I am completely opposed to animals being caged in any space. I have seen the repercussions this has on the city spaces from animal poop, animals parked outside restaurants, the culture of dog walkers for people who want to “own” pets but have no responsibility in their needs, the psychological distress of animals in kennels, cars and airplanes as their owners selfishly tote them about as if a Louis Vuitton bag, and the psychological use and abuse of animals. Many people get pets because it is an thoughtless reflex of their needs but never the animals’ needs. It is also a relatively recent social phenomenon which, like slavery, has a similar set of logic behind such actions: they need us to survive, they wouldn’t be able to survive on their own to we have a moral responsibility to take care of them. Again, all in the terms we frame and exercise, never for the animal to be set free.
Animal owners retort with the typical defenses such as: my dog loves being on a leash, riding in the car, canned food, etc. But the real problem is that the comparative life these animals have is non-existent–they exist for generations in people spare rooms, cellars, or the entire house only to be allowed freedom from time to time. Nobody would accept being kept locked up in a house or a flat all day long to be allowed out for exercises and bodily functions twice a day. Why on earth would anyone inflict this on an animal? Furthermore, the idea that animals “want companionship” is a cultural narcissism that really needs to be examined. Animals want to eat and move around freely but our culture of pet fetishism leaves generations of animals with no choice whatsoever.
The real ethical dimensions of animal ownership are the actual ethics of owning any life and having control over its bodily functions, physical movements and psychological possibilities making these vital needs dependent upon your mood, your job, your being awake or not, and your being at home. What infuriates me most is when people maintain that their pets keep them from depression. Great paradigm: you lock up an animal so you can feel psychologically better. Get a good therapist and practice letting go.
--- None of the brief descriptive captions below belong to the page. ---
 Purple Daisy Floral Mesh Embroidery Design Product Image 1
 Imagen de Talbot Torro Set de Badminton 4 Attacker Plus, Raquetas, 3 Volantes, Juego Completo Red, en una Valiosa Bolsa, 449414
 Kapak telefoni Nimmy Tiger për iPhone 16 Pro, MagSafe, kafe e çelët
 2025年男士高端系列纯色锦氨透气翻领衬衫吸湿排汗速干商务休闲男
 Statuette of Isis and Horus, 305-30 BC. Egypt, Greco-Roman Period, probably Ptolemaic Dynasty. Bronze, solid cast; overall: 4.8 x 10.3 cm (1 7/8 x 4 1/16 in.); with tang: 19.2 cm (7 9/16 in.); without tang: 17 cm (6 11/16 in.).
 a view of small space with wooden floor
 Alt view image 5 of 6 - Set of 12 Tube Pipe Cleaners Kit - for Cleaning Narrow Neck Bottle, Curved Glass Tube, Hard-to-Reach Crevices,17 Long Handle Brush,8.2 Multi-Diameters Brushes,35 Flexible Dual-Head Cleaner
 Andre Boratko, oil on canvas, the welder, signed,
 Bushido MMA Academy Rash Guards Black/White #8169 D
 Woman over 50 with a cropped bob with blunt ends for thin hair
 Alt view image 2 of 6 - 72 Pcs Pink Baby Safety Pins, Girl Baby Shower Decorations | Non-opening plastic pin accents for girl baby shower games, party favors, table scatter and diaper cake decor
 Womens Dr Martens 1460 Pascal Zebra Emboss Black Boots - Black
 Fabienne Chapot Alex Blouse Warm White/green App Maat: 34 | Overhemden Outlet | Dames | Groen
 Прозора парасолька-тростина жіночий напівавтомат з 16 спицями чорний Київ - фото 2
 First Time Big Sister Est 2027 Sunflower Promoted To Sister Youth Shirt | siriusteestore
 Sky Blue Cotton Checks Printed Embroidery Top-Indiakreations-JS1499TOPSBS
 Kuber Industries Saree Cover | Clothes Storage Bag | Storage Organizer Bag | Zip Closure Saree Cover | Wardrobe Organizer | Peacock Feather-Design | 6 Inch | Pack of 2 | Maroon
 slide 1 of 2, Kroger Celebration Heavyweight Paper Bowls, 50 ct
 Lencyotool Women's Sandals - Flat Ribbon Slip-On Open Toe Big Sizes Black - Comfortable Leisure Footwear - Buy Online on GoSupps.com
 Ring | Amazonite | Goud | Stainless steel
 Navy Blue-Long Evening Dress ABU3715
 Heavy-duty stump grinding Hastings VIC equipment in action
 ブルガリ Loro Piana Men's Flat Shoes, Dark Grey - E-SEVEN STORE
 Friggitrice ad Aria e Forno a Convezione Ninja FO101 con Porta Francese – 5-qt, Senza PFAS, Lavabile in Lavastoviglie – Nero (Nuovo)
I would even go as far as to say that people that utilise animals as a surrogate to therapy and working out their issues are predatory upon animals. Animals have needs just like any creature–dogs, cats, birds, hamsters also want to move freely, not shit on pieces of paper or in a box, have psychological connections to those whom they choose to include other species or even humans. They also have the right not to and pet ownership precludes all choices for animals to move, think and feel. They are conditioned to loving one person (as if this were really love) in a desperate act of dependency upon their meals and twenty minutes outside a day (if they are lucky).
I am not saying to let animals die out by any means, but we should simply not allow anyone to own animals at all. They should be free in the country to live, no hunting, etc. In the city, well it is a crazy hypocrisy that we want to have a creature which by its very nature is an animal and most anthropomorphise this creature feeding it according to OUR schedules of eating, walking it according to OUR waking schedules, etc. This is completely unfair to creatures which, although different from humans, have every bit as much right to the freedom of movement and being in the wild where they are happiest.